Sliding-window inference¶
For each test file, a window is moved from start to end with the species' segment duration and a one-second overlap. The baseline applies the low-pass filter and downsampling at this stage. The ESO chromosome operates on unprocessed mel-spectrograms and extracts the bands defined by its genes.
The CNN produces a probability for the presence and absence classes per window. A window is classified as positive only if the presence probability exceeds 0.8. This threshold is held constant across datasets in the paper to isolate the effect of ESO. It is application-specific and may be tuned for a given deployment.
Calling-bout reconstruction¶
Consecutive positive windows are grouped into one calling bout. A bout is retained only if at least three consecutive windows are positive. Isolated positive windows are discarded. The Thyolo Alethe dataset is an exception. Its segment duration is one second and every positive window is kept.
The bout's start time is the start of the first positive window in the sequence. Its end time is the end of the last positive window.
A bout is counted as a true positive if it overlaps an annotated call by more than 25 percent of the segment duration. For Thyolo Alethe this threshold is lowered to 10 percent because the species is harder to detect. False positives are bouts with no qualifying overlap. False negatives are annotated calls with no overlapping bout.

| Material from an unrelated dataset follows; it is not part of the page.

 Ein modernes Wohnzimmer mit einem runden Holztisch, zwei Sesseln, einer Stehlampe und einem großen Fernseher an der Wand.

True negatives are non-overlapping windows outside annotated calls that the model also classified as negative.
Metrics¶
The reported metrics cover three families.
| Category | Metrics |
|---|---|
| Classification | F1, precision, recall, confusion matrix |
| Compute | Trainable parameters, FLOPs per spectrogram (via fvcore), inference time across the test set |
| Footprint | Peak and mean RAM (via psutil), CPU/GPU/RAM energy (via CodeCarbon) |
All comparisons are written to the run directory and streamed to TensorBoard.
Results from the paper¶
The published results for the concatenated configuration are reproduced below for reference.
Mel-spectrogram size, F1, and parameters¶
| Metric | Hainan gibbon | Thyolo Alethe | Pin-tailed Whydah |
|---|---|---|---|
| Baseline mel-spectrogram | 128 × 76 | 128 × 26 | 128 × 144 |
| ESO mel-spectrogram | 29 × 151 | 13 × 126 | 42 × 188 |
| Mel-spectrogram size change | −55.0 % | −50.8 % | −57.2 % |
| Number of genes | 5 | 1 | 6 |
| Baseline F1 | 90.36 | 88.45 | 74.82 |
| ESO F1 | 91.28 | 90.04 | 79.48 |
| F1 change | +1.02 % | +1.80 % | +6.23 % |
| Baseline parameters | 132 234 | 32 394 | 262 794 |
| ESO parameters | 47 754 | 9 098 | 93 834 |
| Parameter change | −63.9 % | −71.9 % | −64.3 % |
| Inference time (s) | 211 → 160 | 120 → 68 | 347 → 189 |
| FLOPs change | −62.1 % | −69.1 % | −62.9 % |
| Model size on disk (kB) | 520 → 190 | 132 → 40 | 1 000 → 372 |
RAM and energy¶
| Metric | Hainan gibbon | Thyolo Alethe | Pin-tailed Whydah |
|---|---|---|---|
| Peak RAM change | −24.7 % | −44.9 % | −47.3 % |
| Mean RAM change | −10.5 % | −16.7 % | −24.5 % |
| Total energy change (Wh) | 2.70 → 2.26 | 1.64 → 1.11 | 5.12 → 2.24 |
| Total energy change (%) | −16.3 % | −32.4 % | −56.4 % |
Selected bands¶
The selected bands match the species' vocalisation range for the Thyolo Alethe, which uses a single broad band. The Hainan gibbon and Pin-tailed Whydah chromosomes also include bands outside the primary vocalisation range. The paper hypothesises that retaining bands outside the target range helps the classifier discriminate against other species in the soundscape, contributing to the observed reduction in false positives.
Visualising a saved chromosome¶
The visualisation used in the paper is produced by eso.utils.logger.plot_chromosome.
from eso.utils.logger import plot_chromosome
plot_chromosome(chromosome, spectrogram, save_path="best_bands.png")
The function draws the selected bands on top of a representative spectrogram. It is useful on its own when inspecting a saved chromosome.